Na psiquiatria atual há um movimento para integrar a religiosidade ao tratamento. Pessoalmente acho isto desnecessário e confuso, pois, a religião não é medicina alternativa, mas uma questão de consciência, tradição familiar e opinião do líder espiritual. Não há razão de o psiquiatra aventurar-se por este campo, e os que são religiosos ou que cultivam alguma fé ou crença, deveria se distanciar dessa intervenção ou, no máximo, aconselhar seu paciente, se indagado, a harmonizar sua vida espiritual.

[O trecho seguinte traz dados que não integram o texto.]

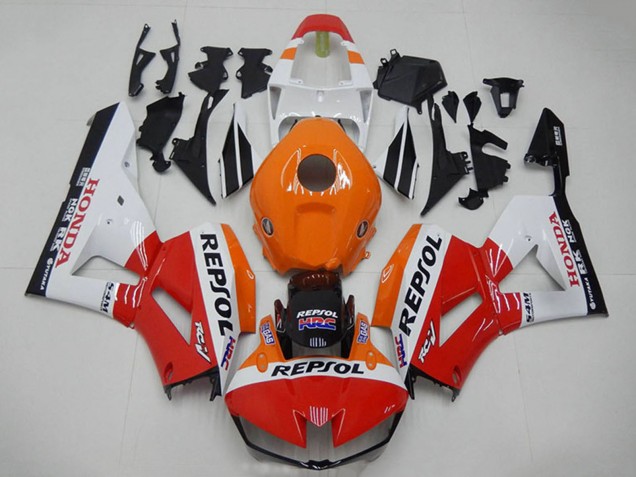 Carenado Moto Honda CBR1000RR 2012-2016 - Naranja Blanco Rojo Negro Brillante Repsol HRC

A associação entre psiquiatria e religião pode trazer confusão para o paciente e desvirtuar o tratamento psiquiátrico, especialmente quando o psiquiatra está envolvido. Tenho visto pessoas deprimidas que procuram em vão alívio e cura peregrinando de culto em culto até se desesperançar e suicidar-se. A intervenção da psiquiatria convencional certamente evitaria esse problema. Conheço alguns pastores e padres que conhecem bem este problema e recomendam ao fiel procurar ajuda psiquiátrica urgente antes de retornar ao culto. O Antigo Testamento diz que é preciso estar com a mente livre para louvar a Deus. A meu ver, os espiritistas kardecistas são os pioneiros nessa conduta, e os centros espíritas frequentemente mantém um atendimento psicológico paralelo ao espiritual, sabendo distinguir uma coisa de outra e encaminhando ao psiquiatra quando necessário, dessa forma prestando uma enorme ajuda à população.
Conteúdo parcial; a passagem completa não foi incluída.